Man darf sich beim unfähigen AC Milan bedanken, dass das Spiel doch noch zu dem wurde, was man als Fußballfan so liebt: ein Drama mit Schurken und Helden, Gemeinheiten und Wiedergutmachungen. Erst der überraschende Ausgleich für die Bayern, dann ein unberechtigter Elfmeter für Milan nach einem wunderschönen Lehrbuch-Tackling von Lucio gegen Kaka wenige Minuten vor Schluss. (Als Zuschauer musste man unweigerlich an all die gekauften Strafstöße der letzten Saison in der italienischen Liga denken. Auch der Moderator konnte sich eine Bemerkung dazu nicht verkneifen, so lächerlich und hilflos, beinahe ferngesteuert, wirkte diese Schiedsrichter-Entscheidung.) Als van Buyten dann doch noch den Ball in der 93. Minute aus spitzem Winkel zum Ausgleich ins Mailänder Tor drosch, war das, mal wieder, die Vollendung einer Dramaturgie, die es so nur im Fußball gibt: Ein Tor zum Ausgleich egalisiert sämtliche Ungerechtigkeiten und mischt die Karten neu. Als ob sich das Schicksal nach irgendeinem göttlichen Plan gewendet, als ob sich Zufälle und Millimeter-Entscheidungen zu einem großen Ganzen zusammengefügt hätten. Lächerlich natürlich, aber man weiß ja, es funktioniert jedes Mal wieder. Erst mit einigem Abstand ist so ein Tor einfach nur ein Tor, zufällig, eigentlich belanglos. Und dann fällt einem vielleicht auch wieder ein, dass Milan zuvor ein reguläres Tor aberkannt wurde.

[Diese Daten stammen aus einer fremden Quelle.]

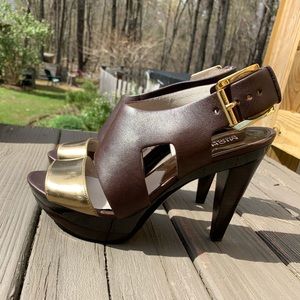 Michael Kors Carla heel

Nebenbei: Wer präsentiert denn eigentlich die Champions-League?

Zu diesem Eintrag gibt es 3 Kommentare.

  1. crk
    17 Apr 07
    10:46

    Selten, dass ich den Bayern die Daumen drücke. Aber warum gerade Milan? Das Kapital siegt immer, ehrlichen Fußball gibt es stattdessen in der Oberliga. Demnächst folgt an dieser Stelle eine Reportage von der Adolf-Jäger-Kampfbahn in der Kriegstraße. Dort spielen die Proletarier noch als rot-schwarze Front.

  2. karl
    17 Apr 07
    13:21

    Diese Hansestadt scheint mir noch mehr linke Kaderschmiede zu sein als unsere allseits geliebte Hauptstadt :) Ja, hast recht das Kapital wird siegen: Chelsea, Manchester, Milan. Irgendwie auch schon wurscht, wer von denen. Ist Liverpool mittlerweile eigentlich auch schon in Milliardärshand oder ist das nur geplant? Und sowas aus Bayern-Sicht sagen zu müssen, ist ja die eigentliche Katastrophe.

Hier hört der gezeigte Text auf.